Neste ciclo de vinte e quatro canções não existe um enredo que possa ser contado, podemos apenas intuir que o narrador deixa a cidade onde vive a amada e, desesperado por uma possível rejeição, procura o aniquilamento e a morte ao longo de 70 minutos. Basicamente, a Viagem de Inverno é um monodrama no qual o único personagem percorre solitário diversos locais, o rio gelado, o local onde está a tília, o cemitério, a aldeia adormecida, a casa deserta do carvoeiro, e sente nessa viagem desértica as acometidas do desespero sob a forma de lágrimas geladas, recordações, ilusões, tudo o que a solidão pode transformar em mágoa e tudo isto intensificado por uma música que clarifica estas intenções sob a forma de uma estonteante beleza musical. Dificilmente encontraremos aqui a Natureza benevolente tão cara aos românticos. Tudo é duro, anguloso e hostil.
É absolutamente indiferente que quem canta a Winterreise seja um homem ou uma mulher.
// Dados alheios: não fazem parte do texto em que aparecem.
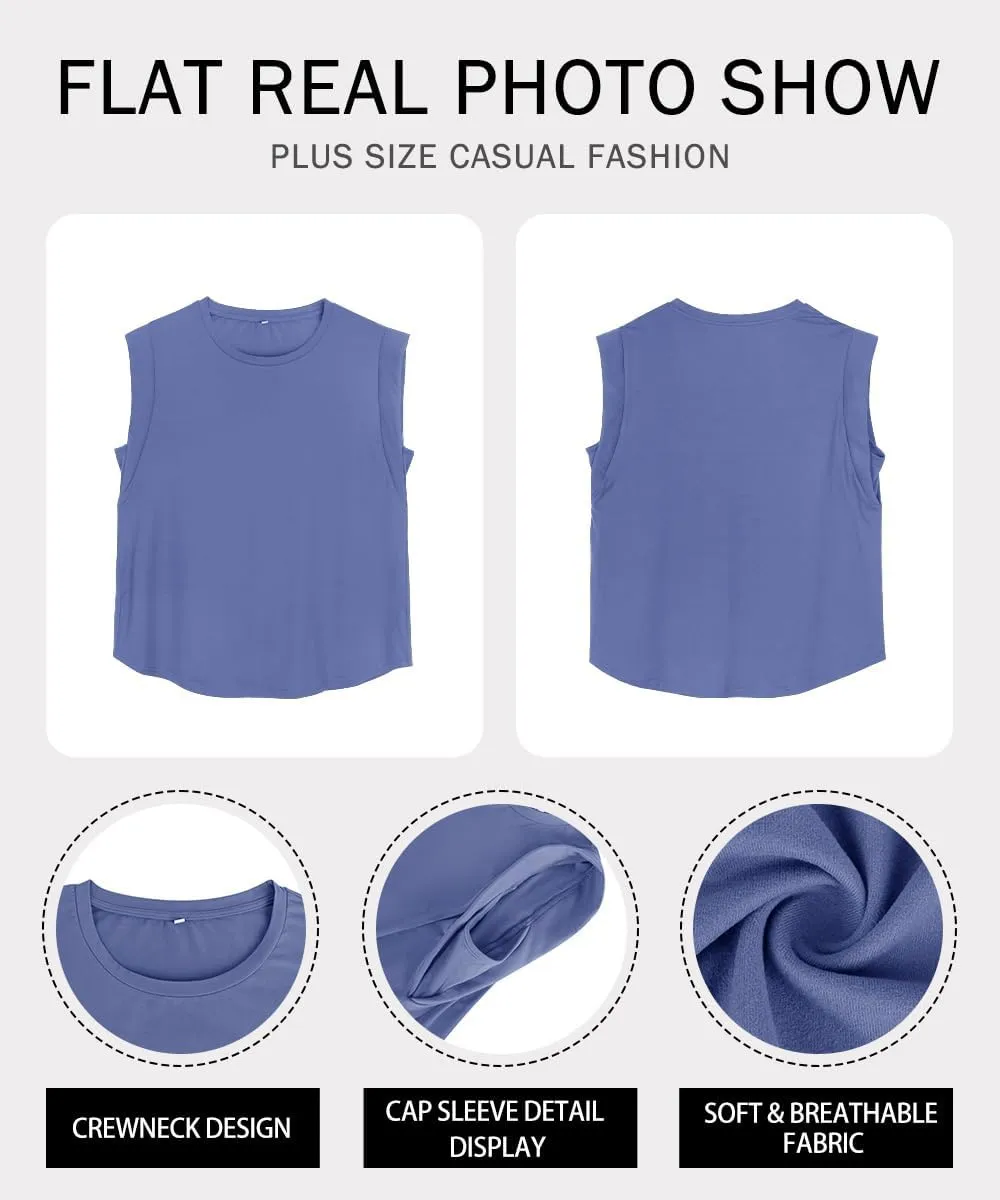 RITERA Plus Size Tank Tops for Women Sleeveless Shirt V Neck Basic Oversized Casual Tanks XL-5XL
A pulsão que o/a move é sempre a mesma e Schubert mostra-nos, como em pintura Pierre Soulages o fez, a infindável riqueza do negro em música.
Sabemos que esta obra é um dos picos da literatura musical, a sua infinita mudança de cambiantes, a prodigiosa imaginação musical e, acima de tudo, a forma que Schubert tem de dilatar o poema (que só se torna maior devido à música) transformando-o numa prolongada e dilacerante declaração não só de tristeza, mas talvez ainda mais de melancolia. A sombra de Schubert pairará no futuro próximo, Wagner, Mahler e até Schönberg, e chega-nos hoje exactamente com a mesma acutilância.
Uma complexidade destas pede aos músicos anos de maturação, e é um grande prazer ser o companheiro de André Henriques nesta viagem que ele agora inicia, com coragem, inteligência e talento.